#3745 - 23.0.95; emacs-23.0.95: unibyte-display-via-language-environment

GNU bug report logs - #3745
23.0.95; emacs-23.0.95: unibyte-display-via-language-environment

Package: emacs;

Reported by: Jay Berkenbilt <ejb <at> ql.org>

Date: Fri, 3 Jul 2009 01:45:04 UTC

Severity: normal

Done: Chong Yidong <cyd <at> stupidchicken.com>

Bug is archived. No further changes may be made.

View this message in rfc822 format

From: Kenichi Handa <handa <at> m17n.org> To: Chong Yidong <cyd <at> stupidchicken.com> Cc: 3745 <at> debbugs.gnu.org Subject: bug#3745: 23.0.95; emacs-23.0.95: unibyte-display-via-language-environment Date: Mon, 06 Jul 2009 09:51:58 +0900

In article <87bpo13ks8.fsf <at> stupidchicken.com>, Chong Yidong <cyd <at> stupidchicken.com> writes: > > Now `charset_unibyte' is always 0 (i.e. the same as `charset_ascii'). > Is this variable obsolete, then?
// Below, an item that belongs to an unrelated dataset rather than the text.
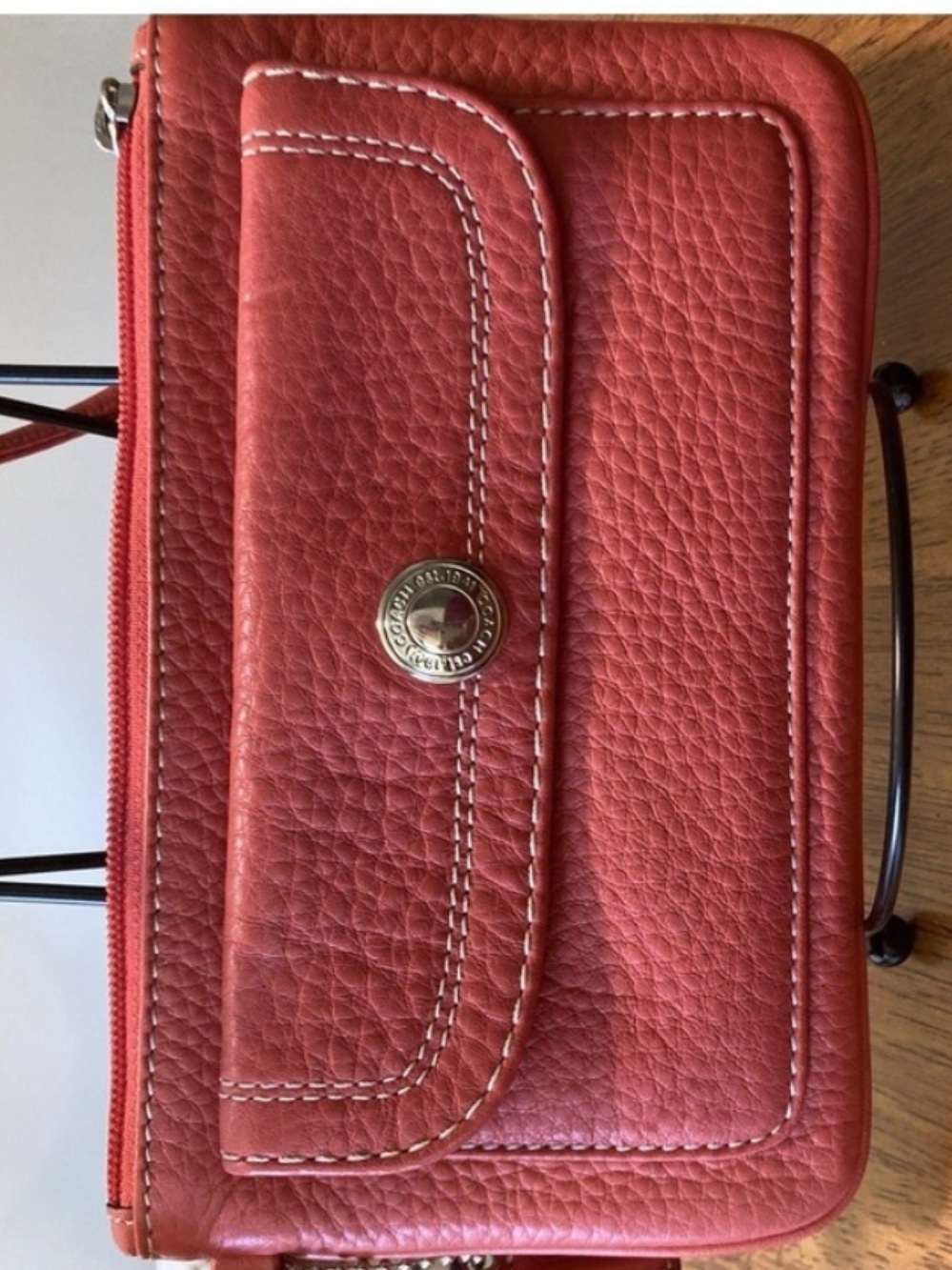 Coach Coral Pebbled Leather Large Wristlet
Yes, at the moment. But, I'd like to use it for unibyte-display-via-language-environment. In article <87y6r560y3.fsf <at> stupidchicken.com>, Chong Yidong <cyd <at> stupidchicken.com> writes: > > Now `charset_unibyte' is always 0 (i.e. the same as > > `charset_ascii'). So, unibyte->multibyte conversion always > > results in an eight-bit multibyte character. > Looking through the code, I see that the variable `charset_unibyte' is > not initialized properly. That's the only reason it's 0. We have to > fix this for sure. Yes. > > To fix the above problem, I propose these changes for 23.1 > > and the trunk. > > > > (1) Fix all codes accessing charset_unibyte > > (e.g. Funibyte_char_to_multibyte) not to refer to it. > Can we use charset_iso_8859_1 instead of charset_unibyte, or add a line > that says > charset_unibyte > = define_charset_internal (...); > in syms_of_charset? No. Stefan's change was to make unibyte-char-to-multibyte (and unibyte_char_to_multibyte) always returning an 8-bit char for an 8-bit byte. To do that, charset_unibyte must be the same as charset_ascii, but, first of all, we don't have to use charset_unibyte in such an operation. We can simply use BYTE8_TO_CHAR. > > (2) Setup charset_unibyte correctly in Fset_charset_priority. > > > > (3) Fix x_produce_glyphs to do DECODE_CHAR (charset_unibyte, > > it->c) instead of unibyte_char_to_multibyte (it->c). > Number 3 is not a trivial change. IIUC, unibyte_char_to_multibyte is > very fast. Changing it to use DECODE_CHAR may lead to a performance > hit. But, using unibyte_char_to_multibyte here is a clear bug. If the overhead by DECODE_CHAR is untolerable (I don't believe it), we can do this: (1) modify unibyte_char_to_multibyte to use BYTE8_TO_CHAR instead of the table unibyte_to_multibyte_table. (2) Setup unibyte_to_multibyte_table for unibyte_charset. (3) Just lookup that table in x_produce_glyphs. --- Kenichi Handa handa <at> m17n.org

This bug report was last modified 16 years and 12 days ago.

GNU bug tracking system
Copyright (C) 1999 Darren O. Benham, 1997,2003 nCipher Corporation Ltd, 1994-97 Ian Jackson.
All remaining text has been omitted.